• **The task**: From the data below, repeat exactly the lines from the line with "Десятое королевство Мозаика Рыбка01652 Десятое" to the line with "花期 按照自己 节奏开花长大就好", both included.

• **Extracted entries**:
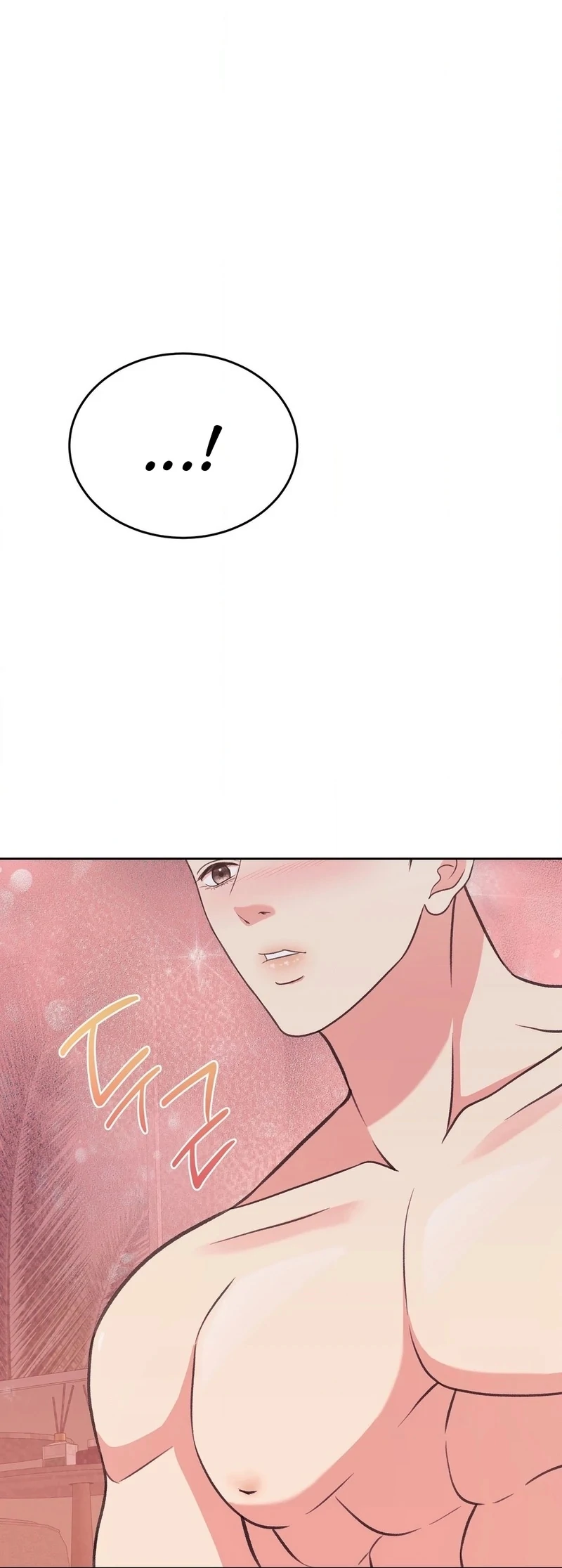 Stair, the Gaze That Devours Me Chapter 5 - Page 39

==

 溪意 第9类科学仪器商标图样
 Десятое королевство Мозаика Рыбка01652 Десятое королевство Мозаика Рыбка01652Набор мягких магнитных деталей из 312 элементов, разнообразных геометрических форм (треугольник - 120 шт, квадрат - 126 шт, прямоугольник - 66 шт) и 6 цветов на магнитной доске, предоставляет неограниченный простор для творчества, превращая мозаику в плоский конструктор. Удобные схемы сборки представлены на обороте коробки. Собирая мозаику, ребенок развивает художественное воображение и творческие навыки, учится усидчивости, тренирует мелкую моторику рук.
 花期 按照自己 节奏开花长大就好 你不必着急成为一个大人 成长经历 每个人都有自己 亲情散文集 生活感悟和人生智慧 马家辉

--

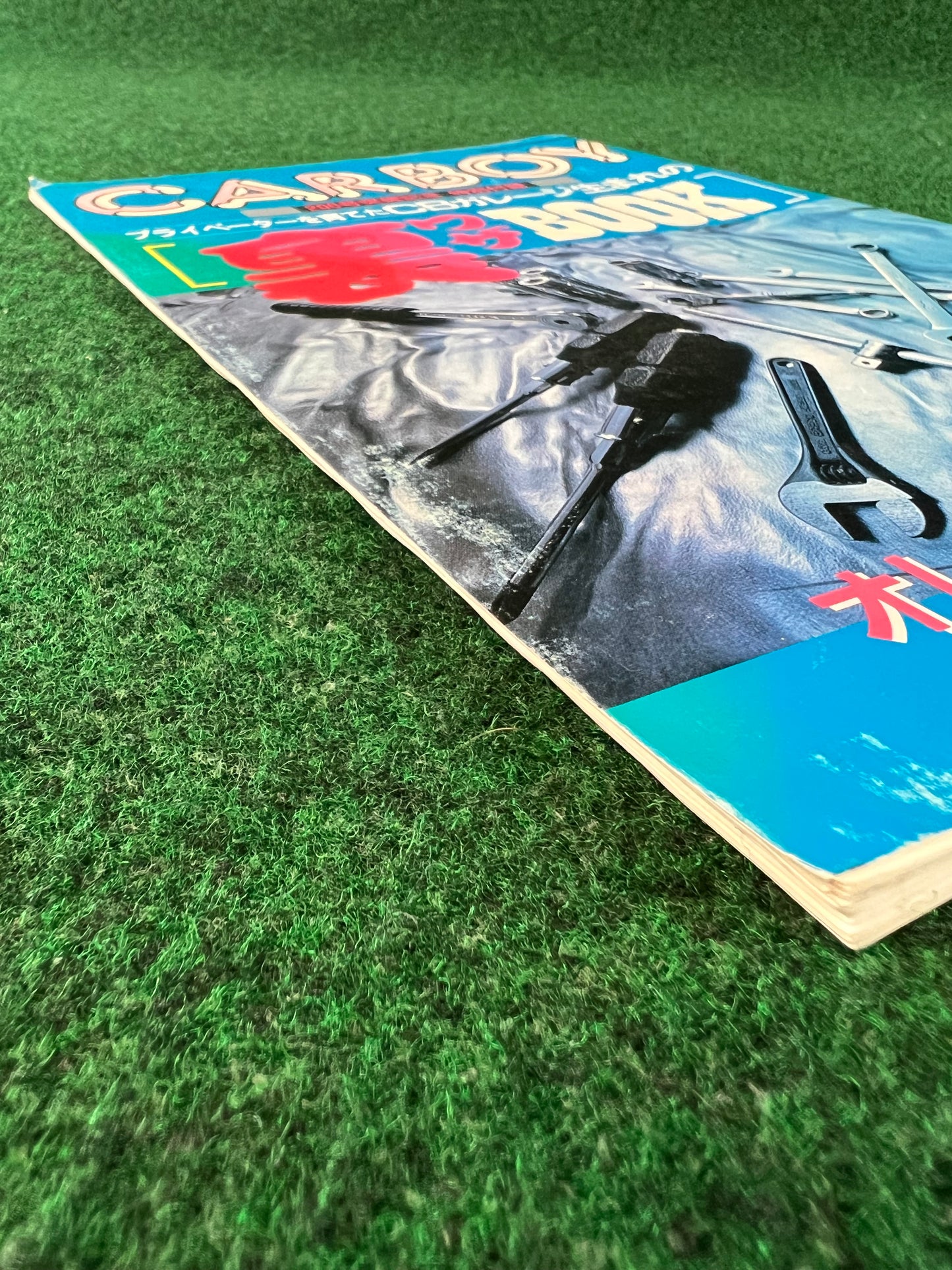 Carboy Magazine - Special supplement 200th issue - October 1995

• **Result**:
 Десятое королевство Мозаика Рыбка01652 Десятое королевство Мозаика Рыбка01652Набор мягких магнитных деталей из 312 элементов, разнообразных геометрических форм (треугольник - 120 шт, квадрат - 126 шт, прямоугольник - 66 шт) и 6 цветов на магнитной доске, предоставляет неограниченный простор для творчества, превращая мозаику в плоский конструктор. Удобные схемы сборки представлены на обороте коробки. Собирая мозаику, ребенок развивает художественное воображение и творческие навыки, учится усидчивости, тренирует мелкую моторику рук.
 花期 按照自己 节奏开花长大就好 你不必着急成为一个大人 成长经历 每个人都有自己 亲情散文集 生活感悟和人生智慧 马家辉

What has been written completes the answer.